La prima: che cos’è secondo te che distingue – o dovrebbe distinguere – la letteratura dalle altre forme di comunicazione artistica, oggi?
- La fede nella parola e nelle storie.
- La seconda domanda: con la concentrazione editoriale che vede spesso lo stesso padrone dietro case editrici e stampa quotidiana e periodica ha ancora una funzione attendibile la critica letteraria oggi?

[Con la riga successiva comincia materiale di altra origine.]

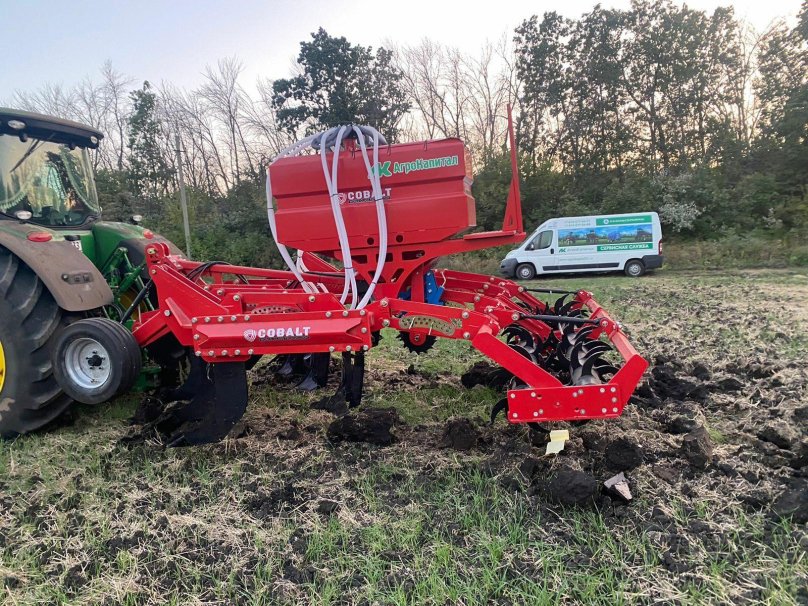 Гектор 4 глубокорыхлитель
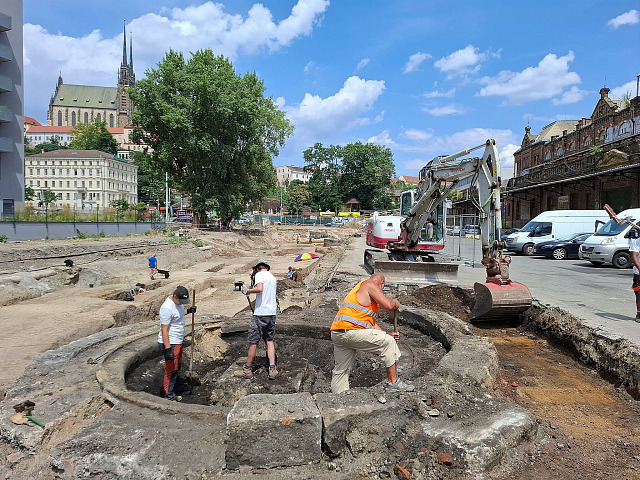 Historická točna pro železniční vagony nalezená archeology v Brně u budovy Malé...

- “Critica letteraria” è un’espressione generica, che porta a far di ogni erba un fascio. Il vero problema, caso mai, è se questo o quel critico è attendibile (e questo porterebbe a una seconda domanda: “chi lo paga?”). Ma per provare a rispondere alla tua domanda, è vero che la critica ha perso spazio e autorevolezza all’interno dei media, e dunque anche potere economico di conseguenza anche indipendenza. Ovvio. In generale, mi pare che in genere la società non sia oggi particolarmente interessata a una autentica funzione critica. La scarsa autorevolezza della critica è una conseguenza di questo atteggiamento. Per compensare, poverini, gli intellettuali diventano sempre più spesso urlatori, intrattenitori, imbonitori. Curiosate qui: http://www.trax.it/olivieropdp/intellettuali.htm. Questo forse è più divertente, rispetto agli altri mappazzi che vi ho consigliato.
- Siamo quasi arrivati a Dy-Pino, pianeta scenico abitato da alieni che comunicano con segnali di laser solo attraverso battute estratte da copioni… Se devi scendere, ti conviene prenotare la fermata. Stoppiamo qui l’intervista, anche perché è finita la bottiglia di ‘Camartina’ consigliata dal Enrico Buselli patron dell’Enoteca Web & Wine di Volterra
- Beh, scendere mi spiace un po’, mi piacerebbe discutere delle strutture grammaticali del klingon con qualche linguista trekkiano. Ci sono aspetti davvero interessanti. Ma a quel punto potrei diventare davvero molto molto noioso. Meglio un tunnel spaziotemporale verso corso Sempione, la mia gattina ha fame, la sento miagolare fino in questi spazi intergalattici
- La si soccorra. Ho un gatto anch’io, si chiama Fifì, e mai resisto ai suoi richiami.
Ti saluto com’è d’obbligo sull’Enterprise: lunga vita e prosperità!